WHAT YOU NEED TO DO: The data below should be restated word for word, pictures omitted.

SOURCE MATERIAL:
↓

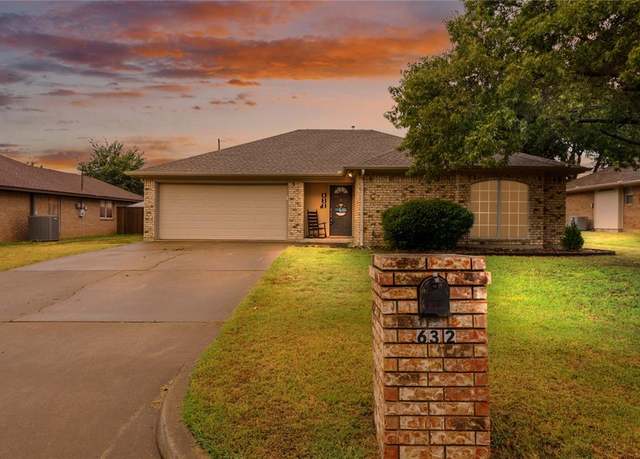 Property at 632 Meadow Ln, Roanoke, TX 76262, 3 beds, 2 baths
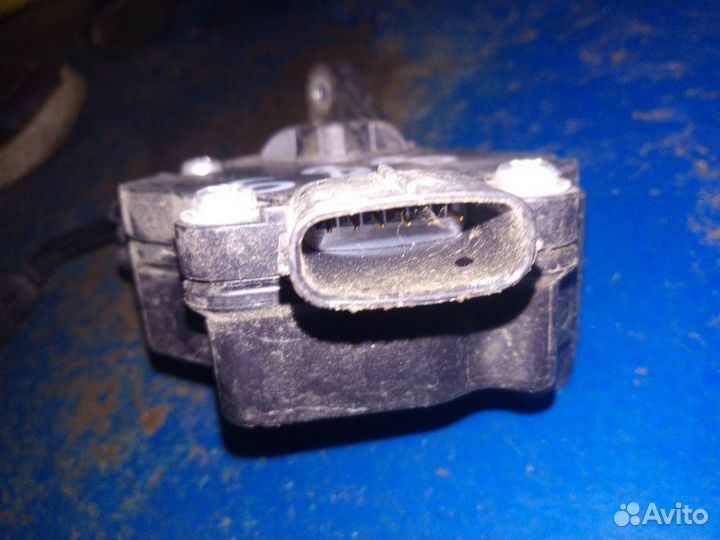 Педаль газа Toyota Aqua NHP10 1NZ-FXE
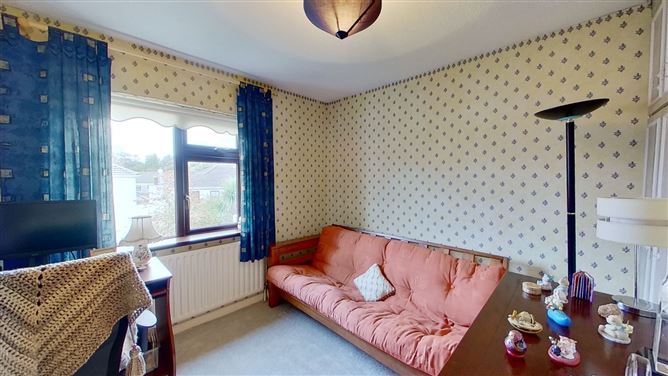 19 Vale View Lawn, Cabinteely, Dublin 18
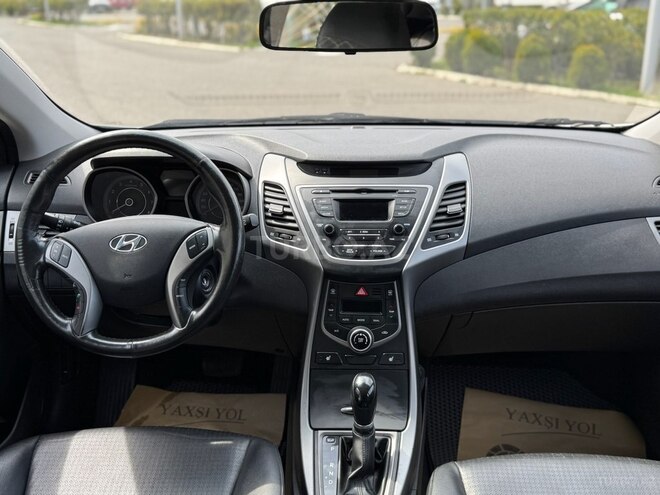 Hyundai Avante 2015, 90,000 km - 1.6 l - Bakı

↑

TASK RESPONSE:
 Property at 632 Meadow Ln, Roanoke, TX 76262, 3 beds, 2 baths
 Педаль газа Toyota Aqua NHP10 1NZ-FXE
 19 Vale View Lawn, Cabinteely, Dublin 18
 Hyundai Avante 2015, 90,000 km - 1.6 l - Bakı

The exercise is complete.